Exercise:
Which lines run from the line with "For appointments send us an love letter" through the line with "Excursión en catamarán" in the entries below? Print them exactly, both ends included, and nothing more.

--------------------------------------------------

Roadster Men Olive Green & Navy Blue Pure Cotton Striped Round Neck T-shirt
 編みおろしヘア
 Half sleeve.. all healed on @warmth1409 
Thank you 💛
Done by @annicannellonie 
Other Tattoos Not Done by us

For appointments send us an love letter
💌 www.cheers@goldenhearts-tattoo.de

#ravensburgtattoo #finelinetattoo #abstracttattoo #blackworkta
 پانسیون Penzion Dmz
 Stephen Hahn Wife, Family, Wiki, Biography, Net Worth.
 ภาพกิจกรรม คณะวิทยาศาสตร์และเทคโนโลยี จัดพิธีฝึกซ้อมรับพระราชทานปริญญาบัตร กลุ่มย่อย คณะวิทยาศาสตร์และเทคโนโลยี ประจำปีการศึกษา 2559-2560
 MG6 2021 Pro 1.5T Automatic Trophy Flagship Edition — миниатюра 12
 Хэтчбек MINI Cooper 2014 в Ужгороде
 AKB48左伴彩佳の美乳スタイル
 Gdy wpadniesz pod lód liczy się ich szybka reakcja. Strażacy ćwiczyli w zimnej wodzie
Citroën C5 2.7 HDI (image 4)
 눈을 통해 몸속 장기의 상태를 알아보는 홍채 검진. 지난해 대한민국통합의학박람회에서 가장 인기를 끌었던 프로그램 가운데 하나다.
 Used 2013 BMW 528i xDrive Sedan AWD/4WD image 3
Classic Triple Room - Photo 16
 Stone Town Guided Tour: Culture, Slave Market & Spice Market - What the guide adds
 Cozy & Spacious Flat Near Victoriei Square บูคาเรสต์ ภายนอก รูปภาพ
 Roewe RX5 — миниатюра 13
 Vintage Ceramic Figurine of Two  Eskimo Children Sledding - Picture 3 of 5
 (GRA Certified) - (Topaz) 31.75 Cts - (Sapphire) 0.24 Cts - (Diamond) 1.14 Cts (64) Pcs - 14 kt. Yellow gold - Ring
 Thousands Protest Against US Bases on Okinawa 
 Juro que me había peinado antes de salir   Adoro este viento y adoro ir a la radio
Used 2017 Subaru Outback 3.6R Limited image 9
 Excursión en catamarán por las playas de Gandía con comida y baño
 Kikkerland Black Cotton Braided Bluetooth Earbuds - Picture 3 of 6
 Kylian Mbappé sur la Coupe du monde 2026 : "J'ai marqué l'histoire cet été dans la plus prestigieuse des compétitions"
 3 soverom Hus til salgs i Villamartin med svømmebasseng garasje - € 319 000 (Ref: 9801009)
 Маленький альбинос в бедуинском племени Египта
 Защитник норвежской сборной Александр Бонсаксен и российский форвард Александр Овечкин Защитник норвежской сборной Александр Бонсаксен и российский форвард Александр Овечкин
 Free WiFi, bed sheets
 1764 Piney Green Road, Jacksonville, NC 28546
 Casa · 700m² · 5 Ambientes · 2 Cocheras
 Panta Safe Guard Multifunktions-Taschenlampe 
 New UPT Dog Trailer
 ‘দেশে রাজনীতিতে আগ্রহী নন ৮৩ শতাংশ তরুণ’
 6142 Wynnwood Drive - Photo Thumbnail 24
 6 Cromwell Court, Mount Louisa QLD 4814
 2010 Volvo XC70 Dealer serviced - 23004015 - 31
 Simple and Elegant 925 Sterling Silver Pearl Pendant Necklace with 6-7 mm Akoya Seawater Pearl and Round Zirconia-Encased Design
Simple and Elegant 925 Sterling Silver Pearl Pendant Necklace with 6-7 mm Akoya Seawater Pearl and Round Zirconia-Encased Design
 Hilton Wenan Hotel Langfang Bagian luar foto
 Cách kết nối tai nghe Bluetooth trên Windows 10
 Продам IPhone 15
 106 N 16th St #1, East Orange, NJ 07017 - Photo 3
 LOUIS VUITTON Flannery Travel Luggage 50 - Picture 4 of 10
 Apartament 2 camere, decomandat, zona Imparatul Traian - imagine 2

--------------------------------------------------

Reply:
For appointments send us an love letter
💌 www.cheers@goldenhearts-tattoo.de

#ravensburgtattoo #finelinetattoo #abstracttattoo #blackworkta
 پانسیون Penzion Dmz
 Stephen Hahn Wife, Family, Wiki, Biography, Net Worth.
 ภาพกิจกรรม คณะวิทยาศาสตร์และเทคโนโลยี จัดพิธีฝึกซ้อมรับพระราชทานปริญญาบัตร กลุ่มย่อย คณะวิทยาศาสตร์และเทคโนโลยี ประจำปีการศึกษา 2559-2560
 MG6 2021 Pro 1.5T Automatic Trophy Flagship Edition — миниатюра 12
 Хэтчбек MINI Cooper 2014 в Ужгороде
 AKB48左伴彩佳の美乳スタイル
 Gdy wpadniesz pod lód liczy się ich szybka reakcja. Strażacy ćwiczyli w zimnej wodzie
Citroën C5 2.7 HDI (image 4)
 눈을 통해 몸속 장기의 상태를 알아보는 홍채 검진. 지난해 대한민국통합의학박람회에서 가장 인기를 끌었던 프로그램 가운데 하나다.
 Used 2013 BMW 528i xDrive Sedan AWD/4WD image 3
Classic Triple Room - Photo 16
 Stone Town Guided Tour: Culture, Slave Market & Spice Market - What the guide adds
 Cozy & Spacious Flat Near Victoriei Square บูคาเรสต์ ภายนอก รูปภาพ
 Roewe RX5 — миниатюра 13
 Vintage Ceramic Figurine of Two  Eskimo Children Sledding - Picture 3 of 5
 (GRA Certified) - (Topaz) 31.75 Cts - (Sapphire) 0.24 Cts - (Diamond) 1.14 Cts (64) Pcs - 14 kt. Yellow gold - Ring
 Thousands Protest Against US Bases on Okinawa 
 Juro que me había peinado antes de salir   Adoro este viento y adoro ir a la radio
Used 2017 Subaru Outback 3.6R Limited image 9
 Excursión en catamarán por las playas de Gandía con comida y baño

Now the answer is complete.